Les ventes décollent. Ragaillardie, Jacqueline s’engage dans la lutte pour la reconnaissance de l’AOC Corbières-Boutenac. « On a fait de la résistance pour défendre les vieux carignans qui donnaient des vins un peu durs peut-être mais qui étaient identitaires. A mes yeux, le cru Boutenac vient de cette résistance. »
Dès que l’appellation reçoit la bénédiction de l’Inao en 2005, Pierre Bories lance la cuvée Atal Sia (“Ainsi soit-il” en occitan), telle une profession de foi. « Ici, on ne peut pas lutter avec les vins les plus réputés dans le style surmûri.

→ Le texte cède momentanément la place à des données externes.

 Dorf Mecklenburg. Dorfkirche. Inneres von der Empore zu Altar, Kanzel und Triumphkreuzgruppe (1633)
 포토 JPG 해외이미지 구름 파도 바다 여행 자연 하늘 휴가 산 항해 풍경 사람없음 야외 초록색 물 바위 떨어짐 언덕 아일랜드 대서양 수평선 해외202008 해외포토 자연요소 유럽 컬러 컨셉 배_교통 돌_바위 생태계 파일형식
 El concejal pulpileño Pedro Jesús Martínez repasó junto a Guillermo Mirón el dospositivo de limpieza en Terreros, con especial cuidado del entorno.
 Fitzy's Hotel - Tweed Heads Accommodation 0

On a beaucoup de fruit, mais une base acide, une fraîcheur, un petit amer en finale, propres au terroir de Boutenac. J’ai gardé les bases - carignan, grenache, mourvèdre - et opté pour un élevage de six mois en bouteilles, préconisé par Mathieu Dubernet. Les sommeliers ont “kiffé” la brutalité d’Atal Sia dans sa jeunesse, qu’ils prenaient soin de carafer. Les journalistes ont suivi. Atal Sia a fait plus tard avec le Mas Jullien la Une d’un numéro de la Revue du vin de France consacré aux meilleurs vins du Languedoc ».
En 2006, les Bories rachètent le château les Ollieux (75 ha) et réunifient le domaine originel. En 2009, Pierre succède à Gérard Bertrand à la présidence du syndicat Corbières-Boutenac. « Je connaissais déjà les chroniqueurs spécialisés, ça nous a aidés à faire reconnaître l’appellation qui n’apparaissait en tant que telle dans aucun guide. La grande distribution a identifié Boutenac, les vins ont été référencés dans les restaurants étoilés, chez les cavistes… Tout ça a contribué à la réputation de plusieurs domaines et Boutenac a acquis une bonne notoriété ».

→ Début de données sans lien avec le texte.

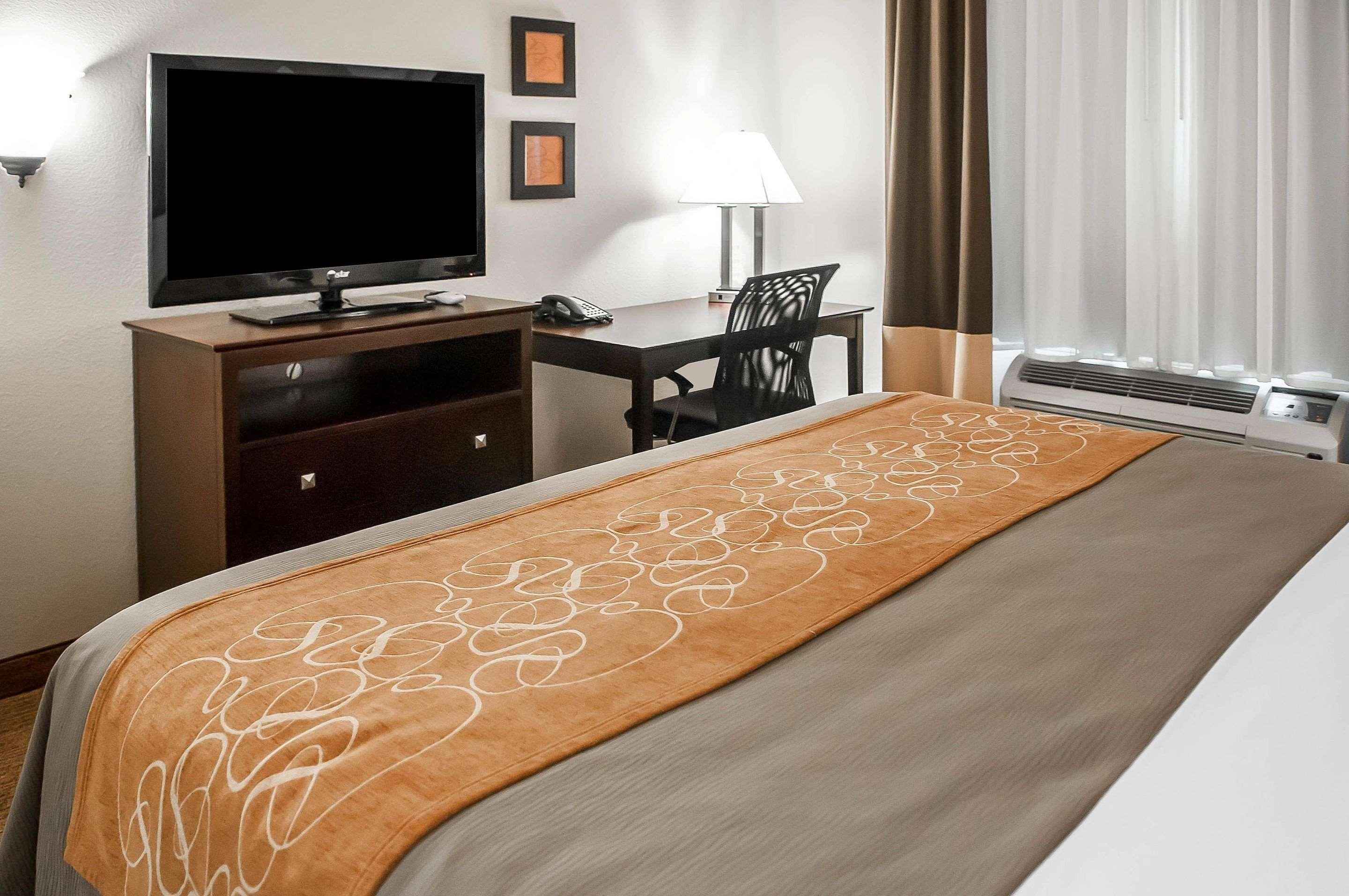 Hotel Comfort Suites Albuquerque-North Journal Center 3*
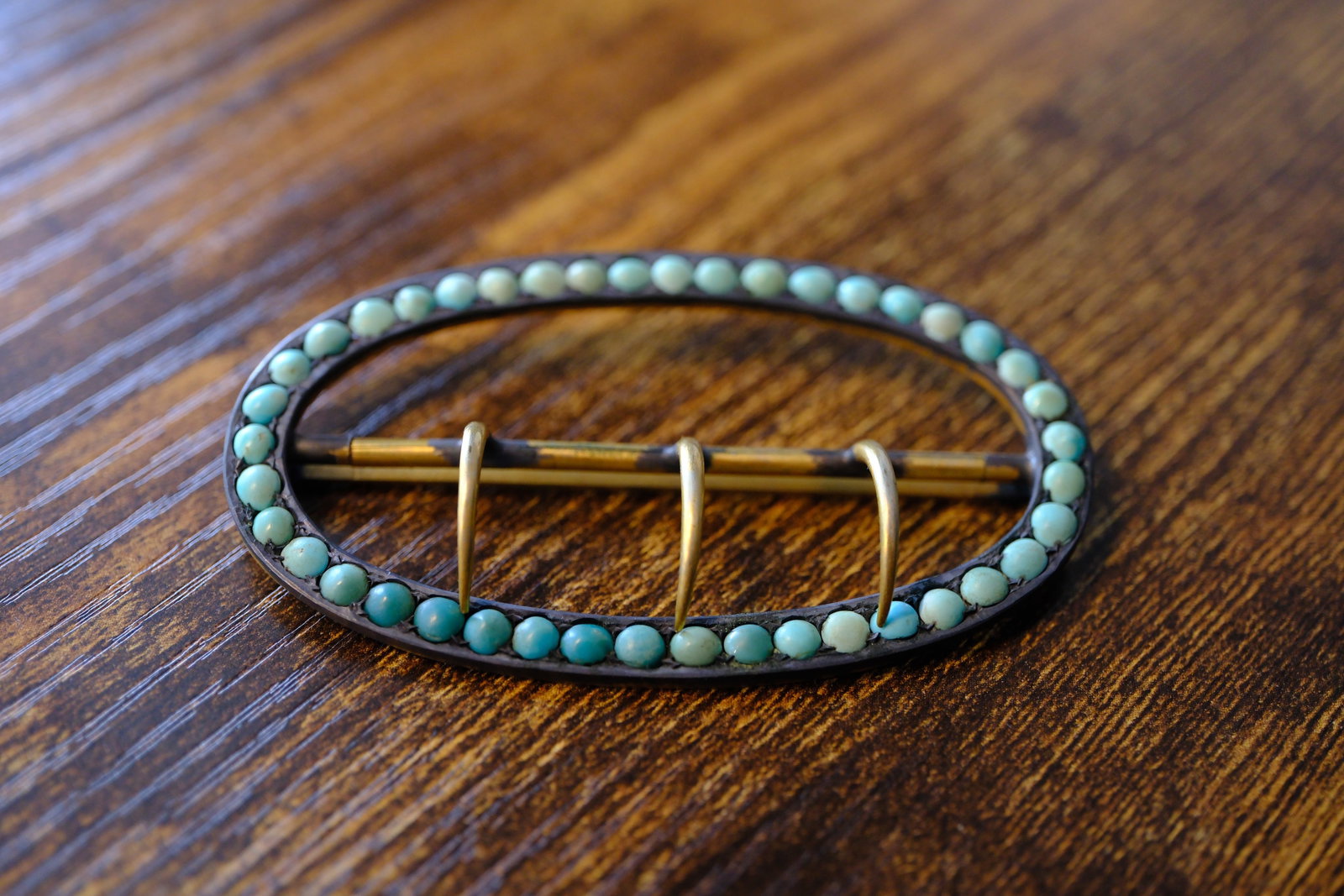Estate Vintage Turquoise Beaded Belt Buckle in Gold Filled: Estate Vintage, Metal type: Gold filled, Stone: Turquoise, Design: Beaded belt buckle, Dimensions: 73 mm length, Weight: 19.1 g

Fort de cette réussite, Pierre Bories plaide la cause des “crus” au CIVL. « A l’instar de Bordeaux, Bourgogne ou la vallée du Rhône, il faut arriver à segmenter le Languedoc, créer une hiérarchie dans une logique de locomotives fondée sur les appellations plutôt que sur quelques vignerons fameux ».
En 2017, tandis que David Latham prend le relais à la présidence du syndicat de cru, Pierre se recentre sur ses terres. « J’ai apprivoisé le terroir en isolant les parcelles, en testant tous les schémas de vinification. Aujourd’hui on a 45 cuvées sur trois domaines (Ollieux-Romanis, Le Champ des Murailles - à l’ouest du massif - et le domaine Pierre Bories, un micro-domaine que j’ai créé sur le versant sud de l’Alaric ».
Jacqueline a le sourire : « Je pense souvent à cet expert qui était venu constater l’état du vignoble au tout début. Il nous avait mis en garde : “Un jour, le lion mangera le dompteur !”. J’aimerais lui dire que le dompteur a dompté le lion ».